Read part one of the Sheffield tram-train feature.
The first weekend I travelled to Sheffield (in October 1995, house hunting ahead of a new job), the city was in the middle of a celebration. Not (I hasten to add) for my imminent arrival, but for a much better reason. A full ten years since Parliament had signed off on the project, the last part of the Supertram network opened for business. Everyone was given three days’ free travel.
Hard to believe that was 20 years ago now. However, it’s even longer since the trams first returned to the city. It was back in March 1994 when passengers first boarded the grey-liveried Dusseldorf-built vehicles - the second revived tram network to open in the UK.
Sheffield had been the last English city to bid farewell to its traditional tram network - crowds had filled the streets on a dreadfully wet night in October 1960, and the event was even captured in a glorious BBC Children’s Unit newsreel. But some 34 years later, when they returned, the love affair took time to rekindle.
Rebuilding a largely ‘on street’ tram system had, not unnaturally, led to a good deal of disruption. Smaller businesses blamed lengthy road closures for robbing them of custom and forcing them to the wall.
And when the first part of the network opened it ran between the city centre and Meadowhall - this was just three years after the shopping complex opened, an event that had itself sparked a debate about taking life out of Sheffield’s High Street. Moreover, until ‘tram gates’ were installed at key junctions, traffic would often hold up the service.
However, ridership was the real worry. It had been thought that in excess of 20 million people would use it annually, but in the early days many trams rolled through the streets empty.
Various things were blamed. A complex ticketing system whereby passengers had to validate cards before boarding was just one of the reasons given (the cards had often been bought just moments before, from a separate machine).
Initially, the system was operated by a subsidiary company of the South Yorkshire Passenger Transport Executive. The four South Yorkshire councils had borrowed money towards the £240 million construction costs, but this meant taxpayers in Rotherham, Barnsley and Doncaster faced having to pay for the debt even though the system went nowhere near them. (Despite this, the official title of the network was a no doubt galling ‘South Yorkshire’ Supertram!)

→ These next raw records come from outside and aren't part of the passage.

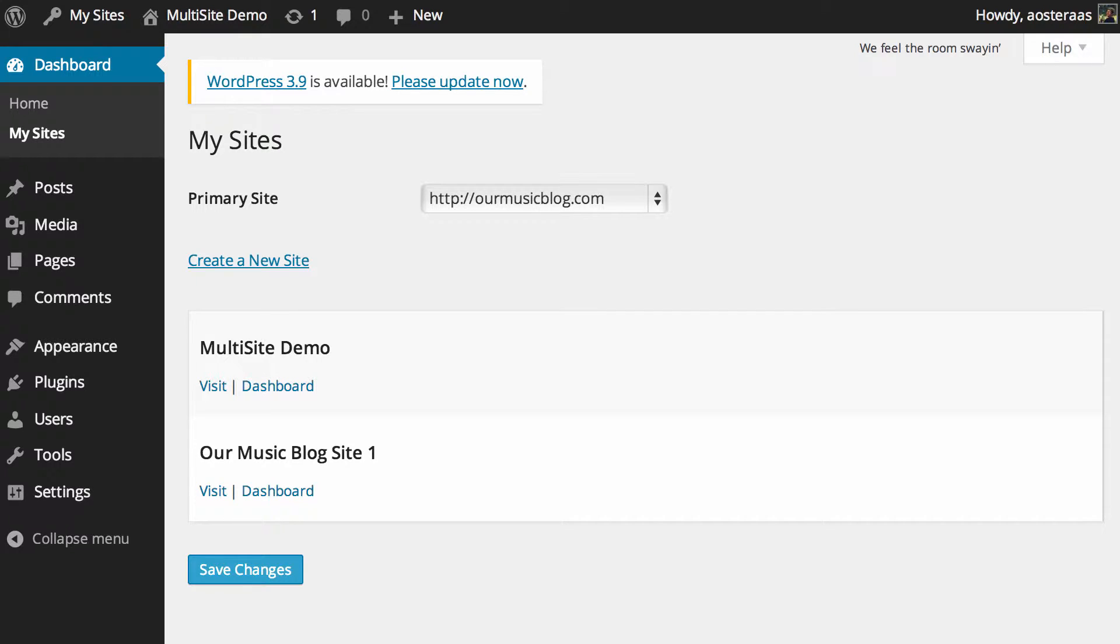In this video we're going to introduce you to upgrading WordPress on a multi-site network. For the most part it's exactly the same. The difference is that you need to be in the network dashboard.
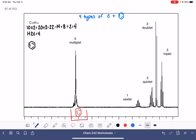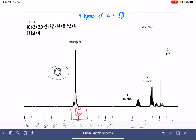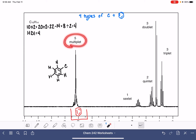For our proton NMR, we can start by focusing on that benzene ring. We know that we have the benzene ring and it's integrating at five, which tells us that there are five hydrogen atoms on the benzene ring. So we've got that part of the molecule figured out.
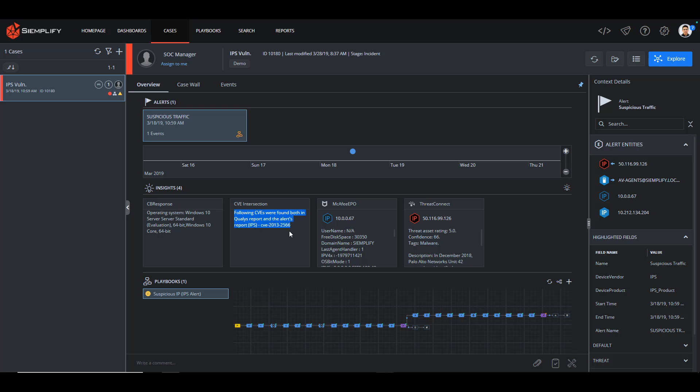In this case, sure enough, there is a CVE intersection. So what does that tell me? Well, in general, this means that not only is this IPS alert valid, but in this case, the machine impacted could have been compromised by this attack because it was vulnerable.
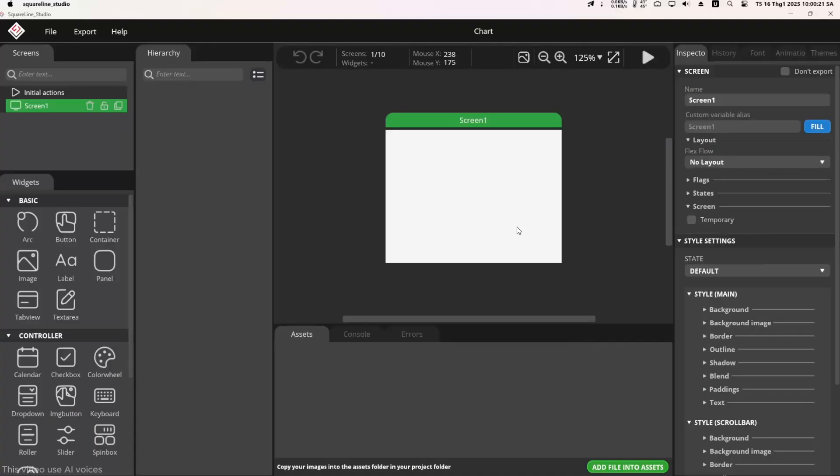Hey guys, welcome back to the ESP32 and LVGL series. In today's video, we will learn how to use the graph widget to display graphs with the DHT22 sensor.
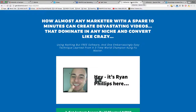Hey there, Ryan Phillips here from videosuite.com and in this video, I'm going to show you a quick 10 second video hack that can increase your sales through video by 29.4%. So what is the video hack?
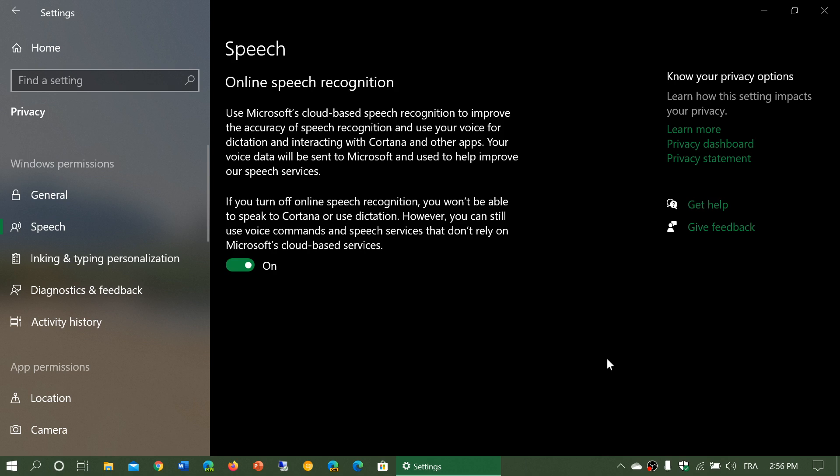That of course means there's a privacy concern of your speech, whatever you say, being sent out and being listened to by somebody, even though technically that's not what's happening.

Leafing through a file I’ve kept for posterity reveals a copy of a fax from early 1996. The councils had had enough, and called in consultants whose brief was “an urgent and considerable rethink about management and operation…” The document concluded that a plan needed to be identified for “a commercially profitable operation”.
Two years after opening, adverts appeared for the privatisation of the system - either as a franchise of the operation, or lock stock and barrel including assets. Stagecoach eventually took on the operation in 1997, with a licence that runs until 2024.
At that time ridership was pushing eight million people every year, which has now climbed to 12 million. That’s slightly (and understandably) down from a peak of more than 14 million a couple of years ago - this has been put down to the disruption caused by an extensive rail replacement programme.
The network consists of three lines, covering a little over 18 miles. One (as previously mentioned) connects the city centre to Meadowhall via Attercliffe. The old British Rail stations at Attercliffe and Brightside were closed as the trams and the new Meadowhall Interchange station opened.
The other lines are an altogether more complex proposition, snaking from Middlewood roughly southeast via the city centre towards Halfway. Some of this route is on street, some on new formation. Two short branches head to Malin Bridge and Herdings Park. The three existing passenger routes (Yellow, Blue and Purple) operate across the network to connect all these destinations.
The original Siemens Duewag-built vehicles are still in use, with 25 in the fleet. Usually 23 are required to run the service, with two in maintenance at the depot close to Nunnery Square stop. They can cope with maximum gradients of 10%, with the lines having steep climbs in places.
Over the years, there have been repairs and refurbishments to trams, changes to route patterns, and conductors have been introduced on board. The awkward ticketing is gone, and today you’ll often see services rolling past full, testament to how Sheffield has once again taken trams to heart.